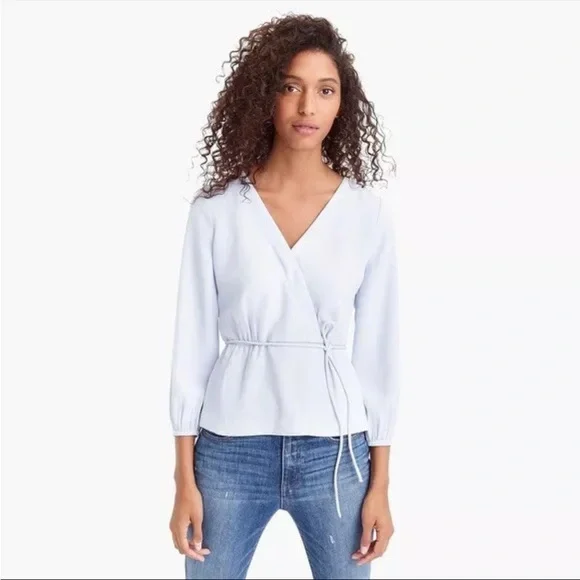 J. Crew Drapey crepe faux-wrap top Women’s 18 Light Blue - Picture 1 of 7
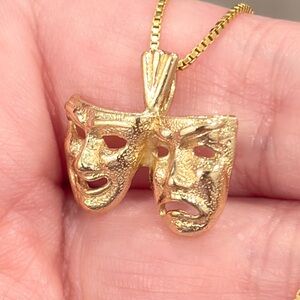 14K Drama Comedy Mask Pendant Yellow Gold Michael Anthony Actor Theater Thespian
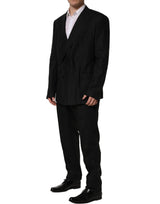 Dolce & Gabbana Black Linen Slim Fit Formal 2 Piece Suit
════════
Reproduce the listing above exactly, but skip the pictures.

 J. Crew Drapey crepe faux-wrap top Women’s 18 Light Blue - Picture 1 of 7
 14K Drama Comedy Mask Pendant Yellow Gold Michael Anthony Actor Theater Thespian
 Dolce & Gabbana Black Linen Slim Fit Formal 2 Piece Suit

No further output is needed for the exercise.